I’ve argued in recent days that valuations metrics won’t help you time the market.  To be clear – I am not saying “valuations don’t matter”.  I am simply pointing out that valuations are dynamic and using an aggregate value metric probably tells you a lot less than you think.   That said, I also wanted to provide some perspective from an interesting piece that was forwarded to me by a reader citing the smart people at Ned Davis Research:

“Looking at history, the stock market’s returns depend a lot on where equity valuations are when you start the clock. Ned Davis Research has done the math, comparing the actual levels of the S&P 500 Index each month with a “normal” valuation of the index based on fundamental factors like P/E, dividends, earnings, and cash flows. They identified points when the market was over- or undervalued by at least 20% and they crunched the numbers on performance after each of these points.


The performance difference is dramatic. On average, one year after a low valuation, the market rose by 19.4%. One year after a high valuation, it dropped by 3.6%. When the market has been fairly valued, it increased 8.0%.  Also note the returns one, two, three and five years later.

Data through 5-31-2014 shows the market to be 33.240% overvalued.  This says risk is high in holding stocks right now yet it is important to note that the market could extend even further driven by QE, foreign capital inflows or the return of the retail investor.  I am simply pointing out prospects for future gains are much lower at current P/E multiples than they are at more normal levels.  Understanding where you are at any point in time can help you decide to either position your portfolio more aggressively, or position it more conservatively.  If risk is high, hedge what you have.  If risk is low, get aggressive and buy.  In this regard, valuation measures may not be a good timing tool but they are a good risk measuring tool.”

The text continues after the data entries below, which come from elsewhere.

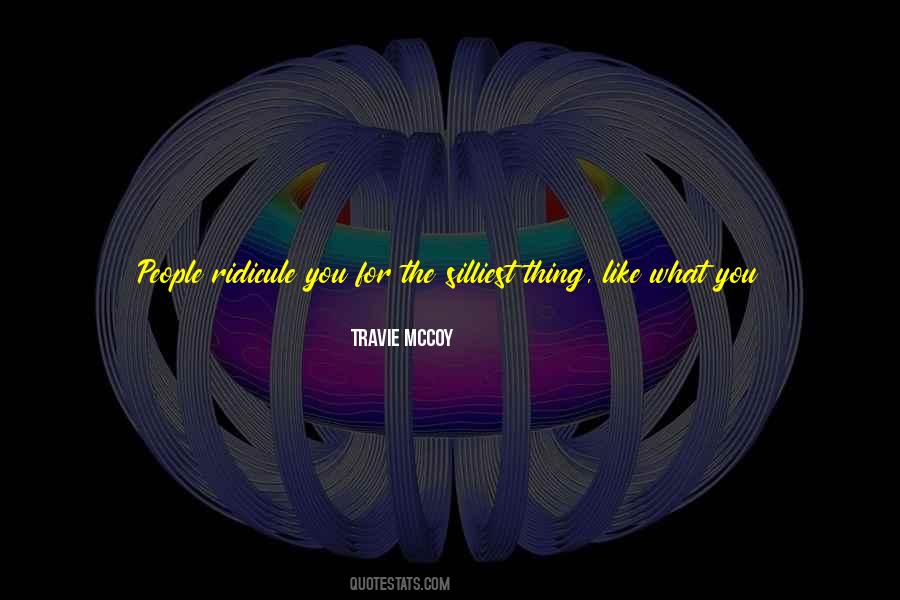 Not Good Enough For You Quotes #666184
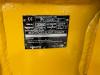 Komatsu PC26 MR-3 Foto 12 thumbnail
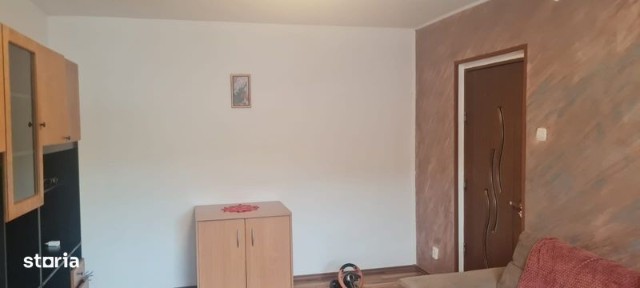 Apartament de vanzare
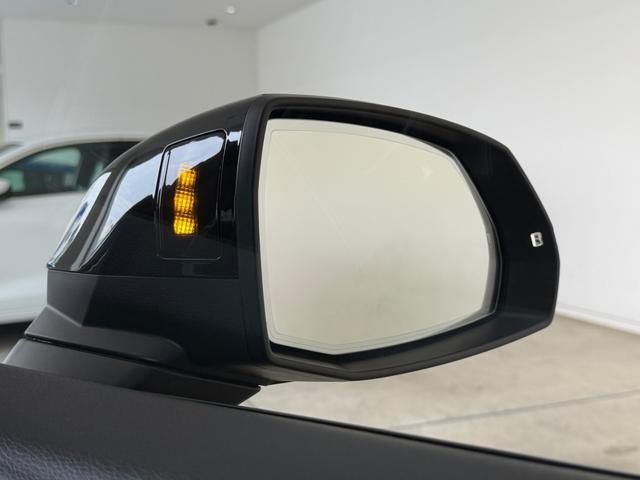 AUDI AUDI SQ5 SPORTBACK 2024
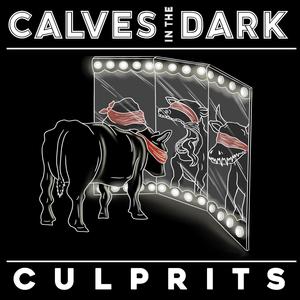 Culprits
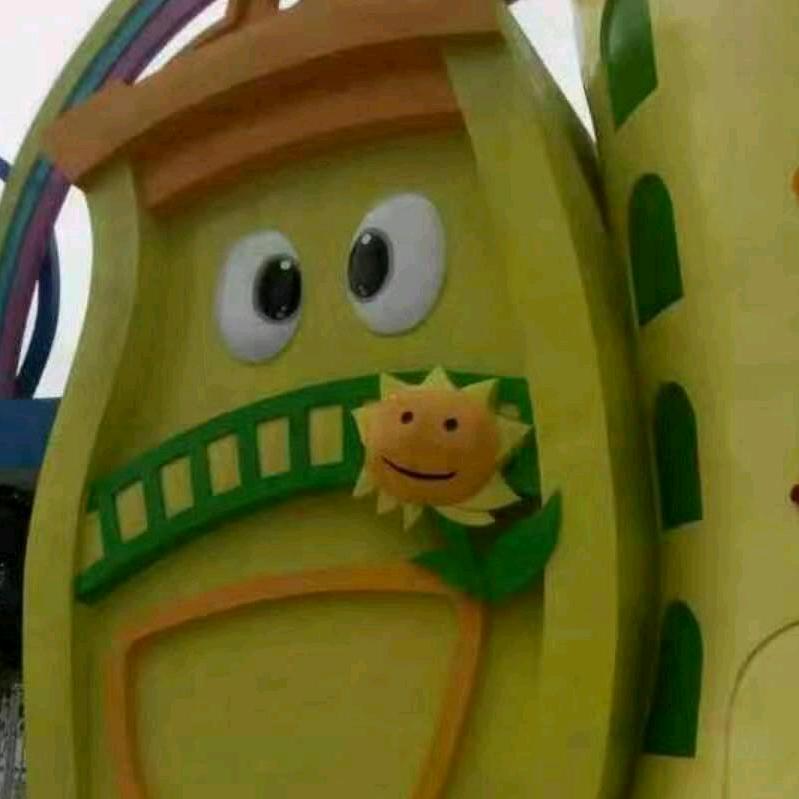 健康快乐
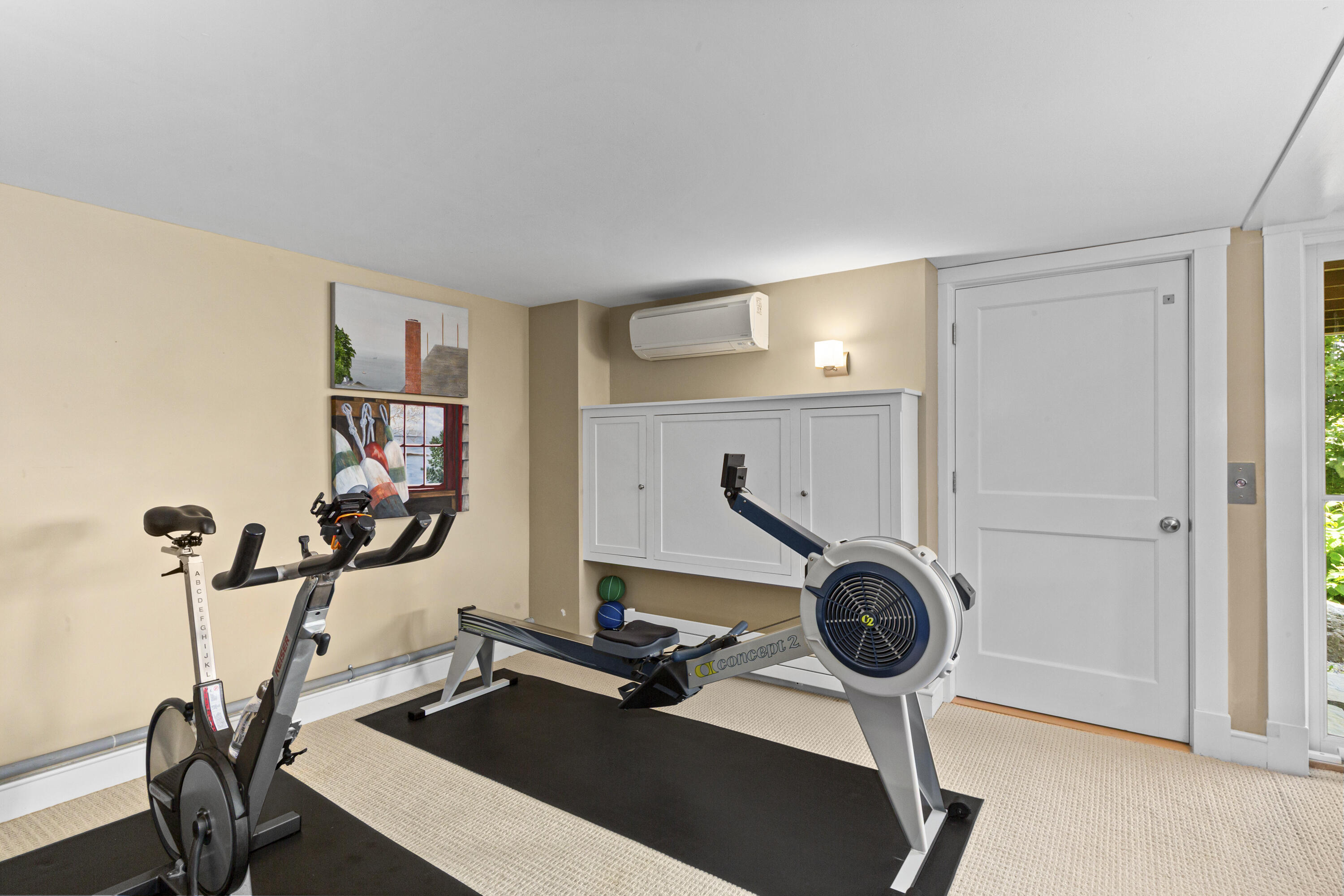 5 Cedar Street Camden, ME 04843 - Photo 39 of 49 49-5CedarSt-Camden-KS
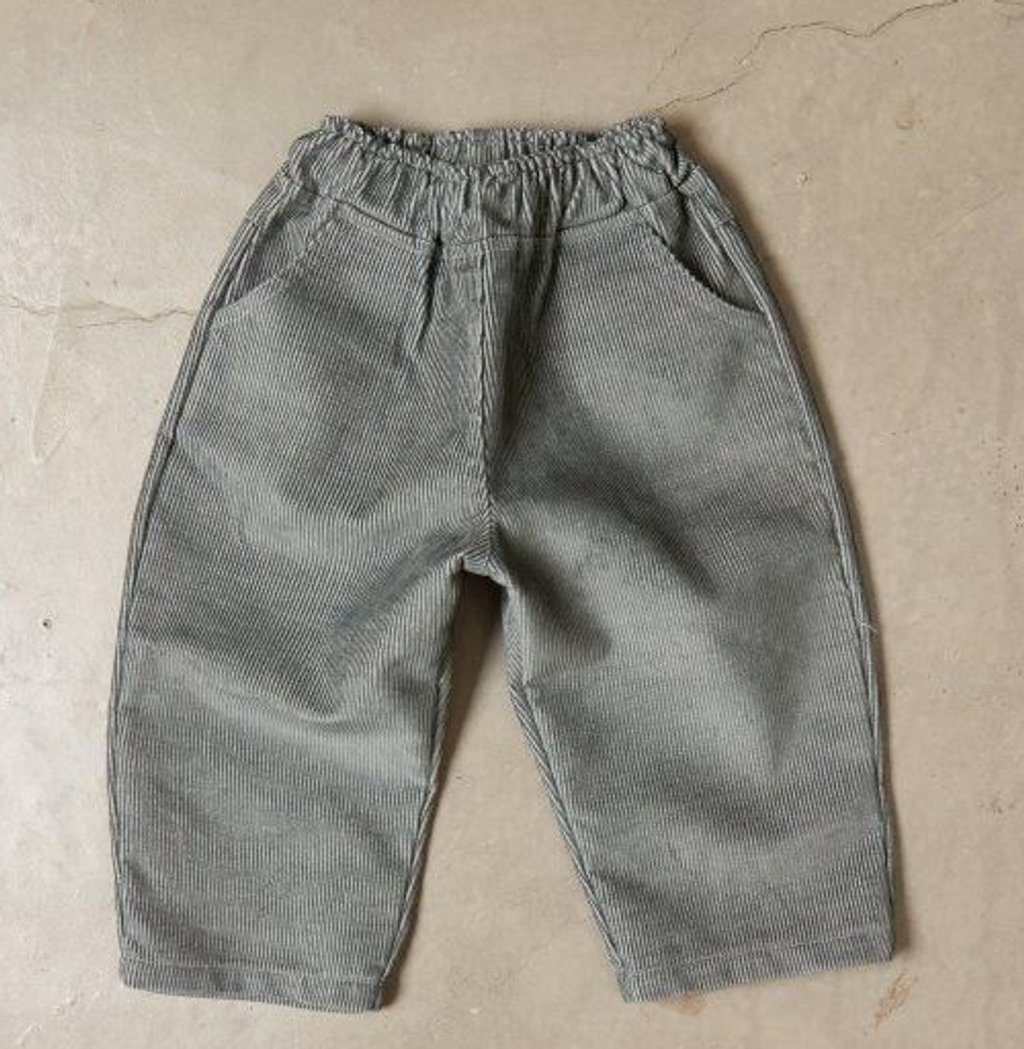 스크린샷 2025-12-27 223030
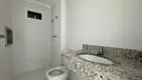 Foto 19 de Cobertura com 3 Quartos à venda, 194m² em Praia Grande, Ubatuba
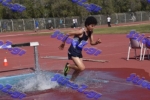 DSC_9062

Of course, this is all using historical data.  The same historical data I say doesn’t necessarily apply to the current market environment.  So I don’t know where that leaves us.  One thing we probably all agree on is that there remains a certain discomfort around the equity markets after the huge surge  in prices, the fallacious sort of feel surrounding QE and the high “valuations”.  I don’t know if any of that helps us construct a model for asset allocation (it certainly doesn’t drive mine), but maybe all of this gives you some better perspective.